Records excerpted from a collection:
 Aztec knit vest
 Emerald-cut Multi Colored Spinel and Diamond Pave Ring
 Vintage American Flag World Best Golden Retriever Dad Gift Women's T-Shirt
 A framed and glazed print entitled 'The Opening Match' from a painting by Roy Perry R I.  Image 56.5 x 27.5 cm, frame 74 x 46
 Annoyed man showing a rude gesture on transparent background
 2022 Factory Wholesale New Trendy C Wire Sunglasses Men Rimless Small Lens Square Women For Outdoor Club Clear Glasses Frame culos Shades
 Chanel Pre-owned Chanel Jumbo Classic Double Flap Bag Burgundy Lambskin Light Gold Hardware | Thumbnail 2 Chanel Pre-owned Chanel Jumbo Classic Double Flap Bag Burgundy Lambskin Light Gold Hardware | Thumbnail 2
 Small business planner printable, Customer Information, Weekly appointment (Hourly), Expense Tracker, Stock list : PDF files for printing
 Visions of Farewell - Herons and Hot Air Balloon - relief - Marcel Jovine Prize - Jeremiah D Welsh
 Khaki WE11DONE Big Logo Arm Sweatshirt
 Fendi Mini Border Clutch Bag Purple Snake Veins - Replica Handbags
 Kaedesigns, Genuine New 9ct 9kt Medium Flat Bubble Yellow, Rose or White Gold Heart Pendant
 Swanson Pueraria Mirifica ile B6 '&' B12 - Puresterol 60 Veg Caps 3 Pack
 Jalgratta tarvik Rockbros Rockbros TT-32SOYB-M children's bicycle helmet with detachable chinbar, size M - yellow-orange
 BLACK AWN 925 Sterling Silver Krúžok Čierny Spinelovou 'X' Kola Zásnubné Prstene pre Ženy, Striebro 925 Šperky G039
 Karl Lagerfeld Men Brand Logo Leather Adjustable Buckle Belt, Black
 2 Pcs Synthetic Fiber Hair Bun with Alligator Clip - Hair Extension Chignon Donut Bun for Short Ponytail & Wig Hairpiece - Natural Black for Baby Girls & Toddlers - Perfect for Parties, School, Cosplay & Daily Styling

### [To do]
Copy, exactly and only, the lines above that begin with the one containing "A framed and" and finish with the one containing "2022 Factory Wholesale".

### [Completed exercise]
 A framed and glazed print entitled 'The Opening Match' from a painting by Roy Perry R I.  Image 56.5 x 27.5 cm, frame 74 x 46
 Annoyed man showing a rude gesture on transparent background
 2022 Factory Wholesale New Trendy C Wire Sunglasses Men Rimless Small Lens Square Women For Outdoor Club Clear Glasses Frame culos Shades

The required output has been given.